That’s how it’s supposed to work. Here’s how it does work:

  1. Elementary school — Whether or not the fundamentals get covered depends almost entirely on variables outside of school, such as family environment and neighborhood attitudes. Science is weak or nonexistent.
  2. High school — Elementary school with electives.
  3. College — High school that costs a lot of money. Those who do not have the intellectual wherewithal to succeed in college go anyway, because they need to. Those who do have the intellectual wherewithal are either in soft/applied science programs that most now quit because they’re too hard, or they’re in liberal arts programs that largely fail to provide the benefits of a liberal arts education. And those who do succeed in graduating with the ability to think clearly about a broad scope of knowledge find that the job market doesn’t pay enough for it to justify all those student loans.

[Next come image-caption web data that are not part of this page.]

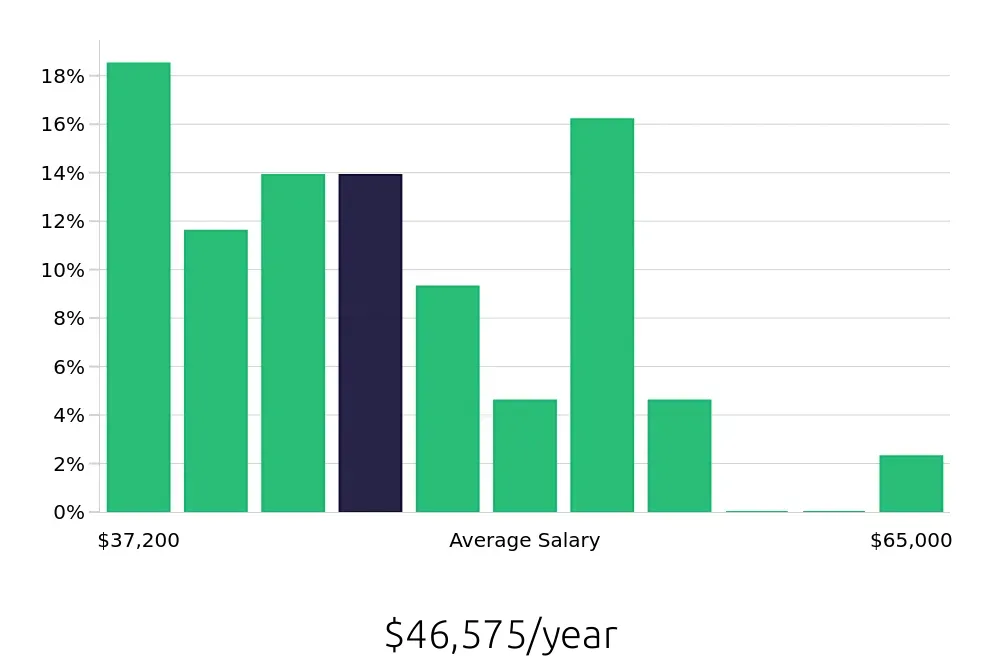 Graph depicting the yearly salary distribution for Office Manager jobs in Charlotte, NC, showing an average salary of $46,575 with varying distribution percentages across salary ranges.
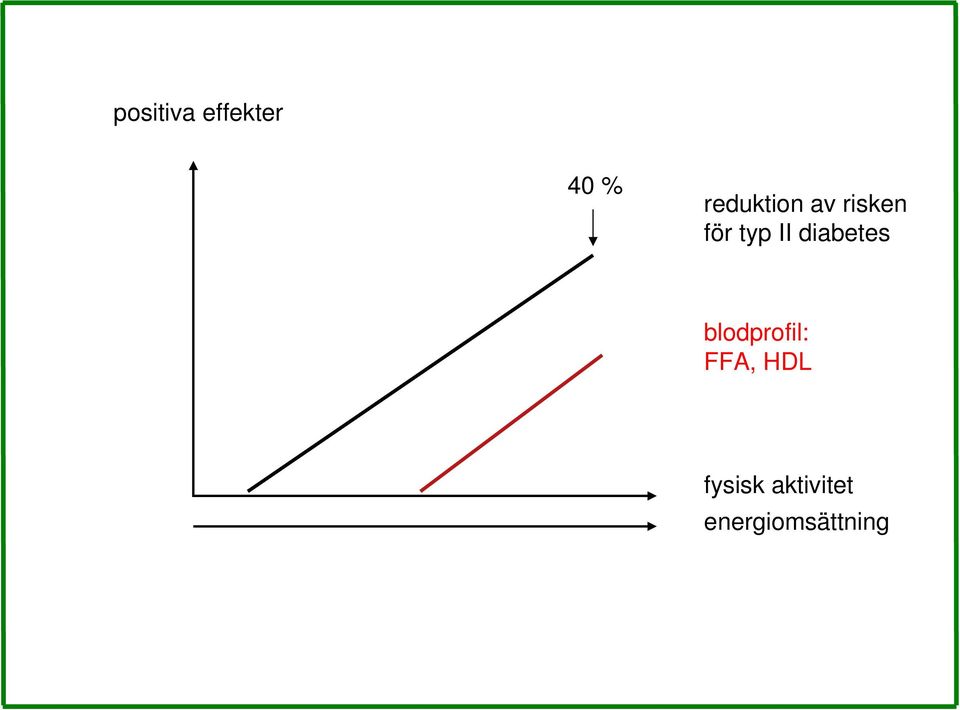 II diabetes blodprofil: FFA,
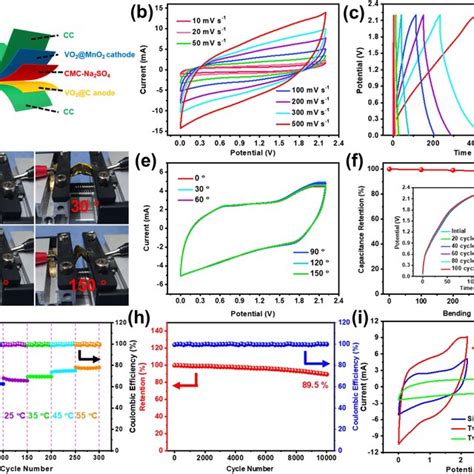 A Illustration Of Quasi‐solid‐state Flexible Asc Electrochemical Download Scientific Diagram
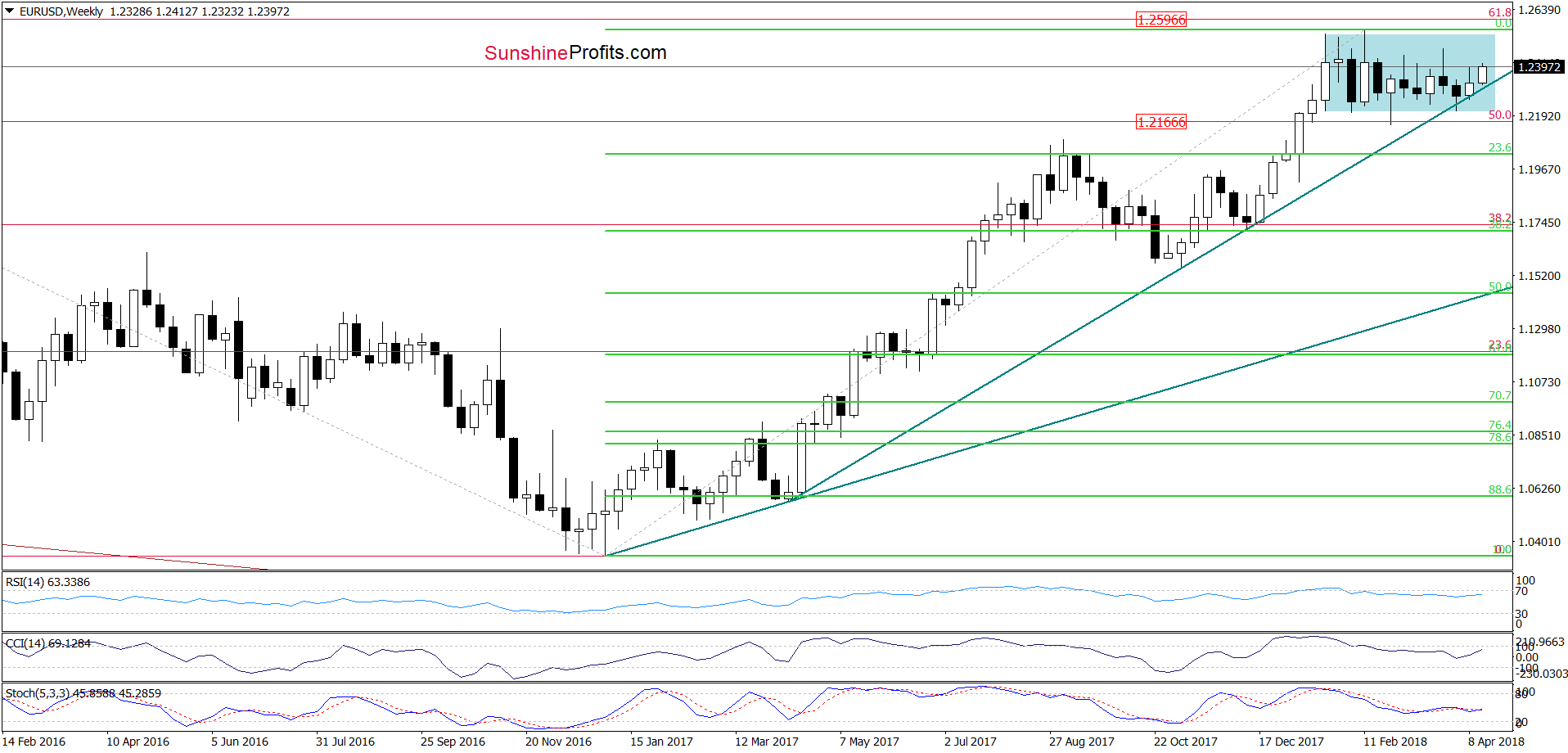 EUR/USD weekly chart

  4. Professional school — Specialized schooling required for entry into intellect-intensive careers. Medical school is probably necessary, as are some engineering and science programs. Law school spends the first year teaching students the analytical thinking skills they should have picked up in a college philosophy class, the fact-checking skills they should have picked up in an undergraduate history seminar, and the rules of human interaction that should have been garnered in a few well-chosen classes in economics, psychology and sociology.
  5. Other graduate school — An apprenticeship for a job in academia, or a specialized program for a corporate management position.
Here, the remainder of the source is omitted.